Platforms like Strava and COROS offer their own versions of grade-adjusted pace—Strava Premium calculates GAP-adjusted pace after the fact on runs, and COROS watches can display “effort pace” in real-time, which is an individualized version of GAP. Stryd does something similar using their “power” metric.

I don’t know how these closed-source, proprietary algorithms work, nor how accurate they are, but there are not as many advantages as you might think to having massive observational datasets to develop GAP conversions.

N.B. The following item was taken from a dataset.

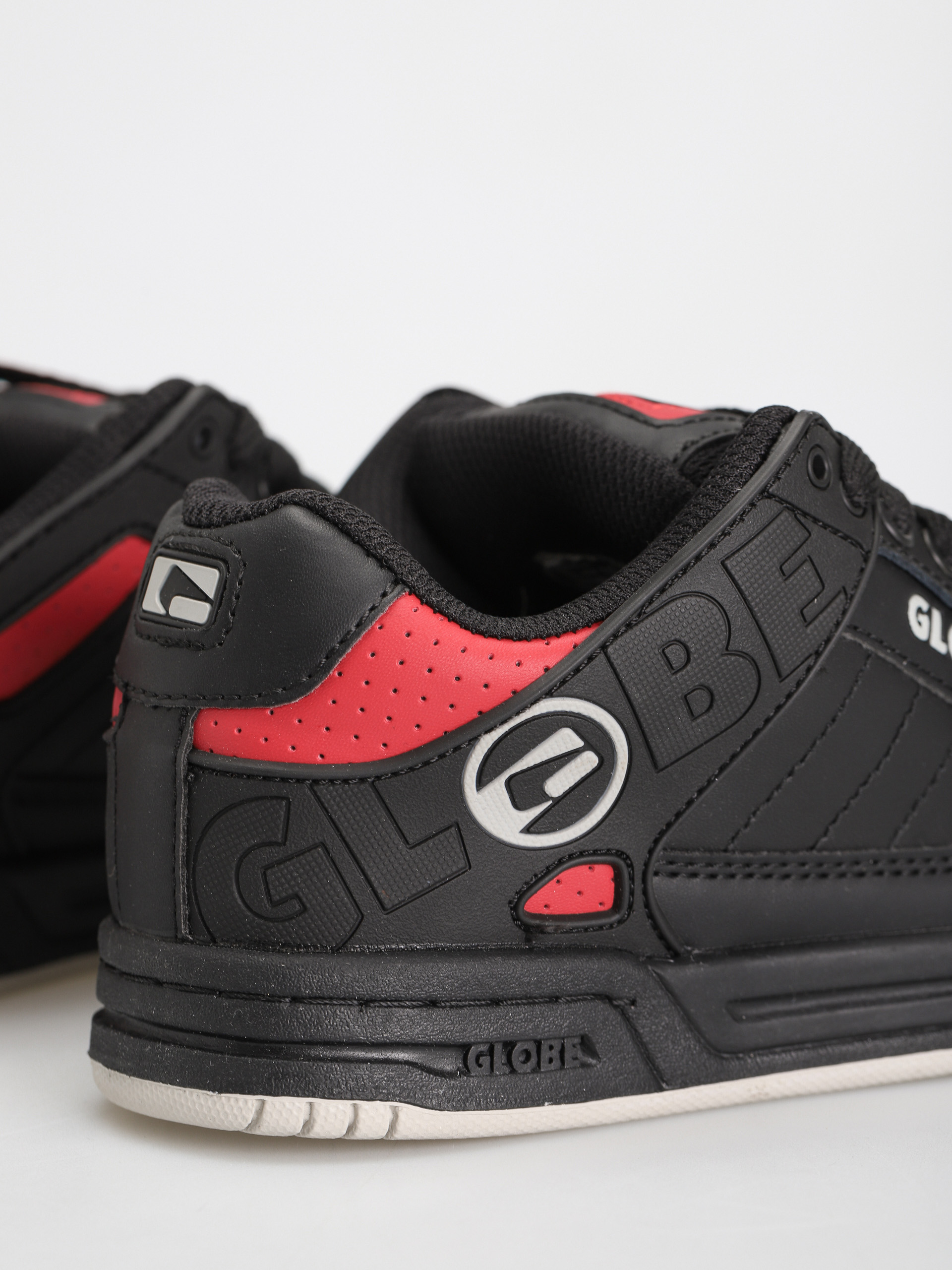 Buty Globe Tilt Kids JR (black/chilli)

In the real world, runners almost never maintain the same effective effort level on hills—typically people run harder (meaning with a higher energy expenditure) on short uphills, slow down more on long uphills, and don’t take full advantage of downhills. The speed they run on a downhill is also affected by how steep of an uphill they just completed! Large databases are “polluted” by these effects, which make it hard to determine the true GAP from observational data alone.

COROS’ effort pace method sounds like it uses heart rate data, which is an improvement, but even heart rate data are plagued by heart rate drift and poor measurement from optical sensors, which tend to be biased in the worst possible way—less reliable the faster you go.

Heart rate drift is a problem because it represents an increase in heart rate for the same metabolic power, meaning an increase in HR may not correspond to a real increase in metabolic rate.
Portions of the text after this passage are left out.